DATA FOR THIS EXERCISE
* * * * * * *

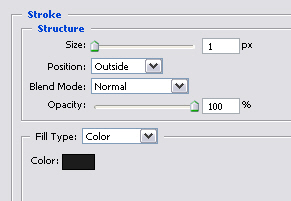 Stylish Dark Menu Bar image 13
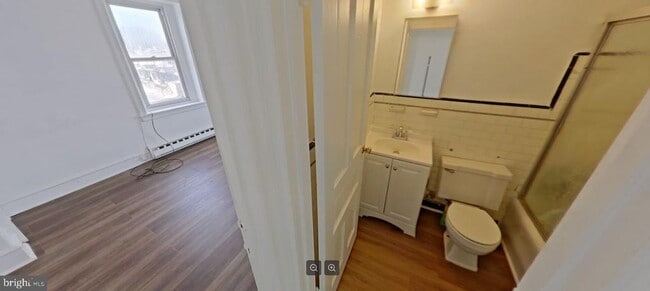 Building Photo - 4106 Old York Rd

* * * * * * *

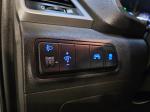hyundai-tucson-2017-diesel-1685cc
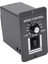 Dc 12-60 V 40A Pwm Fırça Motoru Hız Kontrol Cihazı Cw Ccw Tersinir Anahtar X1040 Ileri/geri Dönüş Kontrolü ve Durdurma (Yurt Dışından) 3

* * * * * * *

DESCRIPTION OF THE TASK
What's needed is an exact copy of the lines above from the one with "Stylish Dark Menu Bar image 13" through the one with "Building Photo - 4106 Old York Rd", both included; the pictures stay out.

SOLUTION BELOW
 Stylish Dark Menu Bar image 13
 Building Photo - 4106 Old York Rd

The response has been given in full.